Tuesday, January 29, 2008

Parsing through the votes.

When most people say their votes don’t matter, they’re referring to the massive sea of votes that are counted, out of which theirs was but a mere drop. However, the cutthroat tactics of Karl Rove in the 2000 and 2004 election showed that some of our votes do matter very much. In 2000 Florida(and Colorado if you remember what Nader did) got the honor of mattering most, and in 2004 that dilapidated crown went to Ohio.

These emphases on each little vote, though, made our collective stomachs turn a bit since it seemed like the voting field had been minced and parsed until the weakest points were exposed, and then the more cunning candidate would harp on it until he got the needed amount of votes plus one.

This tactic isn’t entirely new, secure what you can, don’t worry about what you can’t, and then pander to the people in the middle. This election year is likely to see similar tactics, but now it has moved into the primaries with frightening vivacity. The republicans showed that they could do it best earlier this decade, but the democrats have apparently taken a page from their playbook, too.

strategist, Mark Penn, is known for his tactic of focusing in on ‘micro-trends’ and ‘micro-issues,’ and then offering a ‘micro-policy’ that could provide a ‘micro-resolution' With Rovian cunning, Mark has the moxy to win the election for the democrats but tear their playing field to bits in the process.

I personally don’t imagine Mark in the same way I do Rove, standing over a map of the country with a deep red marker, crossing off the loyalists that are in their pocket and drawing targets on the poor saps who he’s going to try to sway. However, according to his outlook, massive amount of statistical analysis and a bit of creativity not only highlight the areas subject to change, but how one could go about changing them.
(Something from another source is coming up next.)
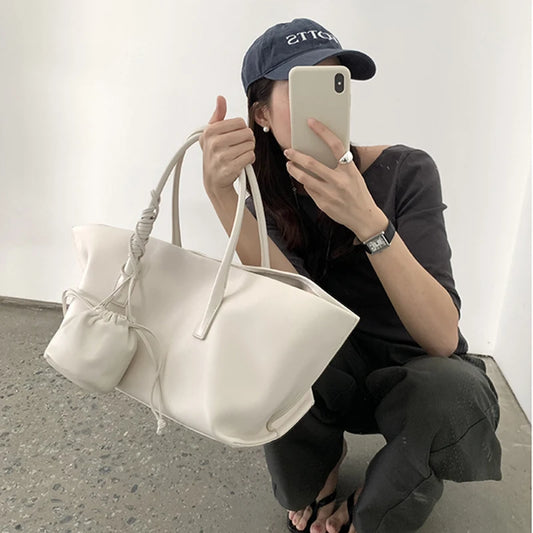 Sac tote en cuir véritable – design 2025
To sum it up: This sort of hyper-analysis is only possible with the massive amounts of information we are now able to collect, and modern supercomputers to dissect it and make it meaningful. The broad access to incomprehensible amounts of information is supposed to disseminate knowledge and level the playing field. In this case, however, it’s allowing for the creation of corporate and political strategies that make us resemble pawns on a chessboard more than ever. I suspect that we’re going to get a whole new meaning to the phrase “each vote matters” in this election. Sure each vote matters, but some votes matter more than others.